When I was in grade school and high school, it was always assumed that nobody in my family would schedule meetings or social activities on Sunday afternoons and evenings. We used to go to my grandparents’ house and drink cool drinks like Coca Cola with lemon and ice water. My grandma’s towels always smelled like they had just come out of a load of fresh, laundry, even if they had been in her linen closet for a long time. I used to promise myself that the towels in my future home would smell that way.
Sometimes we would watch sitcoms like “Home Improvement” or “Boy Meets World.” At dinnertime, we ordered pizza from Papa Murphy’s (vegetarian for me and my mom and pepperoni for everyone else) and my grandma would always have to pull a thick stack of coupons out of her drawer and hand them to whoever ran over to the shop to pick up the meal. Later, when the whole house smelled warm and delicious ( like cheese and tomatoes and peppers and mushrooms) my grandparents always exclaimed how they were getting the best pizza in town from Papa Murphy’s. Even though I knew it wasn’t necessarily the best pizza in town, I would always pretend that I agreed with them and sometimes I believed it for awhile, too.
After dinner, I usually fell asleep on the floor of the living room, listening to the comforting voices of my parents and grandparents. As I was drifting off to sleep, my mom would say something like, “Oh, it looks as if Joanna was tired.” My grandma would respond, ‘Well, it’s hard work being in school all week. You learn things in the classroom all day and then come home, have a snack, go to sports practice, have dinner, and do homework until bedtime. Being young is like having a full time job.’
And those things – the things that made up a child’s life – were so cement in my grandmother’s mind. Those were the things her kids had done. Those were the things she assumed all normal American children did. I’m sure she knew about the kids who didn’t get to come home for a snack that someone had prepared for them. But when she talked about childhood, it was normally assumed that children got to play softball after school because their parents encouraged them to be part of a team and bought them a mitt and baseball glove. And of course, that all parents made sure their children sat a dinner table and ate a nutritious meal before laying out all their homework on a clean desk to write with sharpened pencils.
I knew that those things weren’t true of every family. But I always drifted off to sleep feeling like they could be.

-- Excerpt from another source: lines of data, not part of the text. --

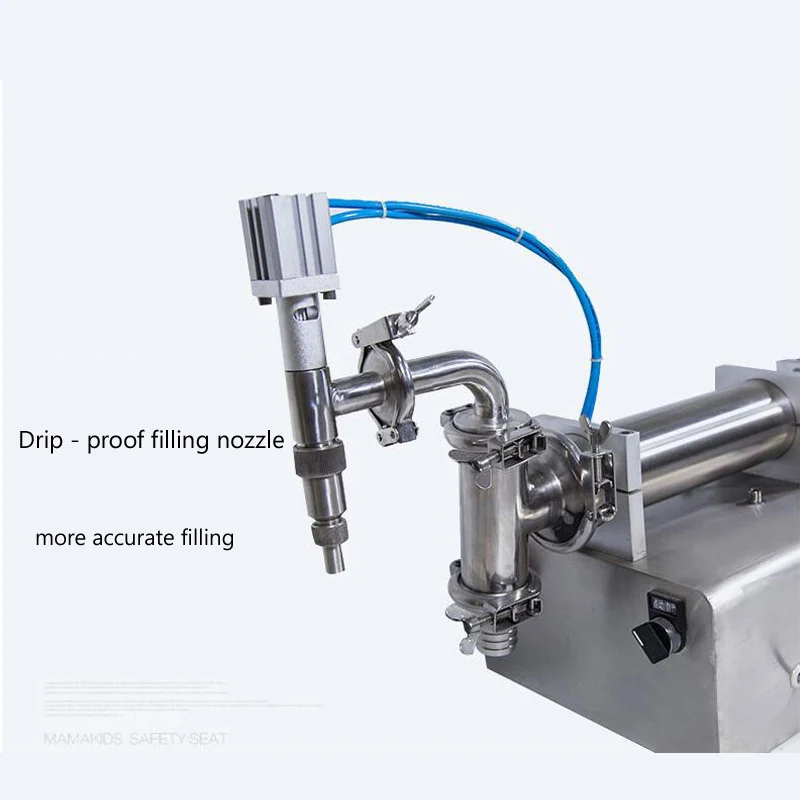 آلة تعبئة السوائل الهوائية بخاخات مشروبات النبيذ موزع زجاجات العطور آلة تعبئة زيت الطبخ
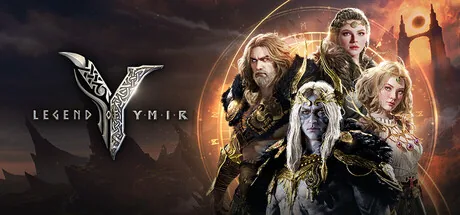 Key art for Legend of YMIR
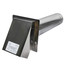 4" Z-Vent Termination Hood w/ Damper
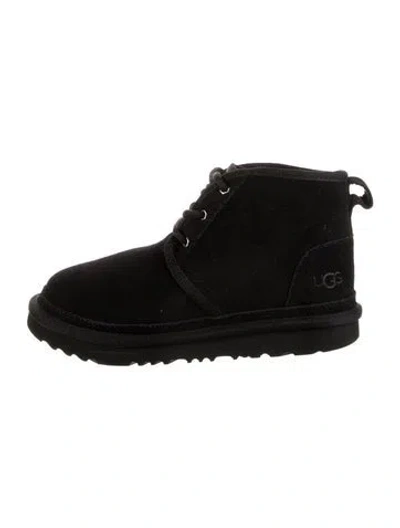 Pre-owned Ugg Kids' Neumel Boot In Black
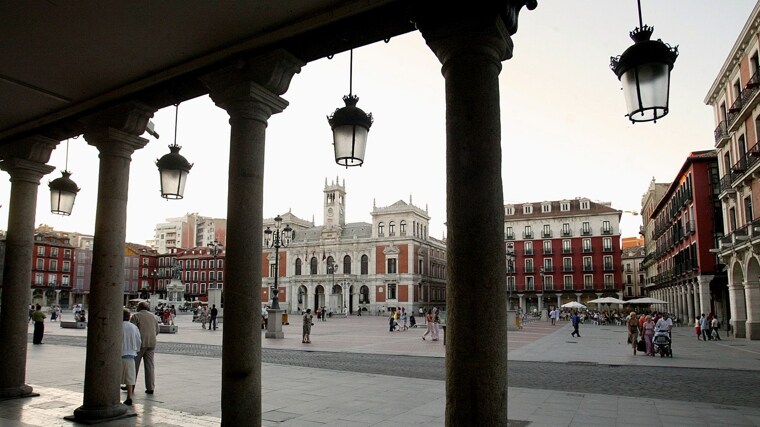 La Plaza Mayor de Valladolid ha servido de inspiración a otras como las de Salamanca o Madrid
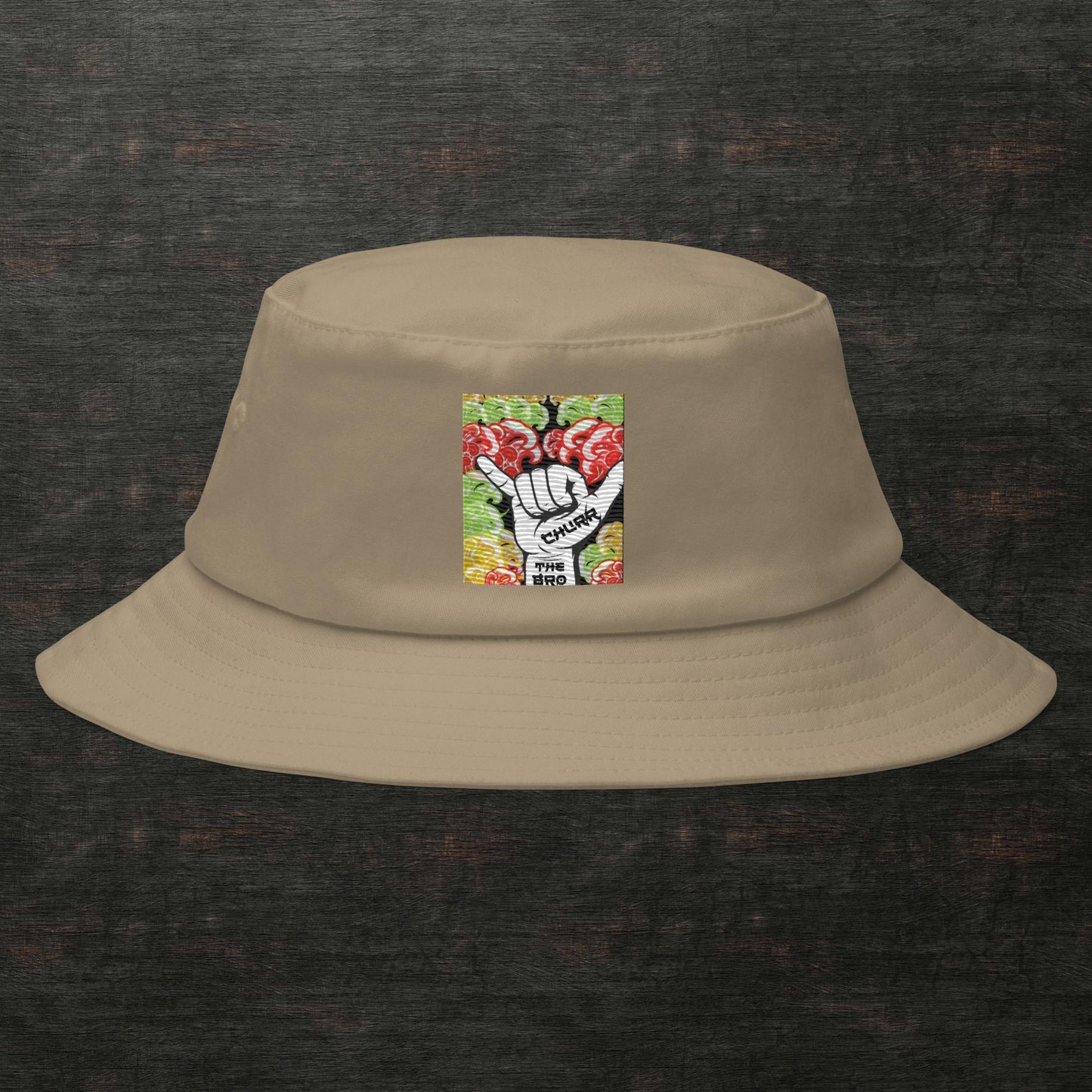 Old School Bucket Hat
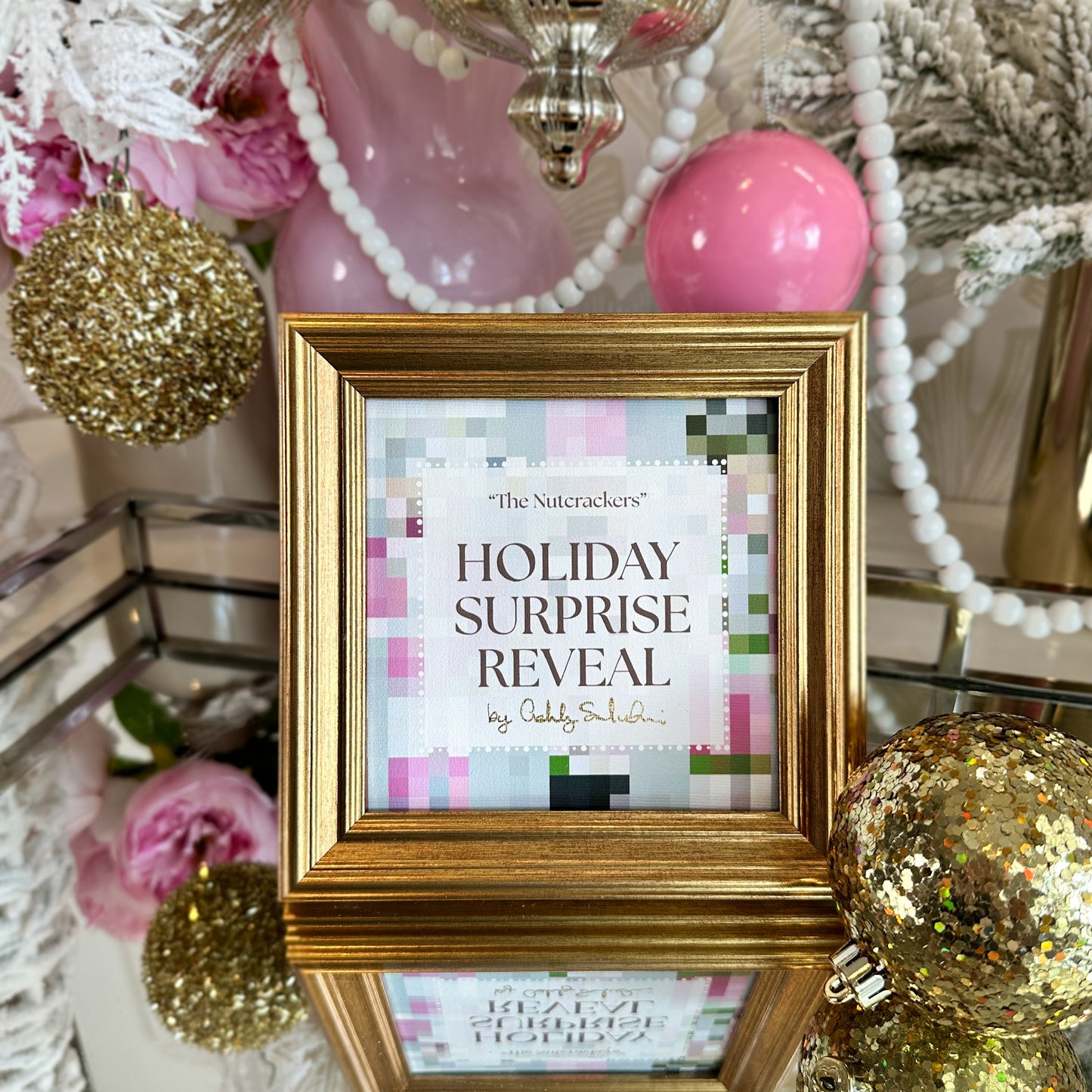 “The Nutcrackers" Framed Surprise Holiday Reveal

Yesterday, my own family was watching a movie before bed in the living room. Both my mom and I fell asleep about halfway through and didn’t wake up until the credits were rolling. As everyone got up to go to bed, my mom said, ‘I like falling asleep while the family is all together watching a movie. It feels so safe.’
And I could identify with what she said so much that it overwhelmed me with this emotion that I think was love.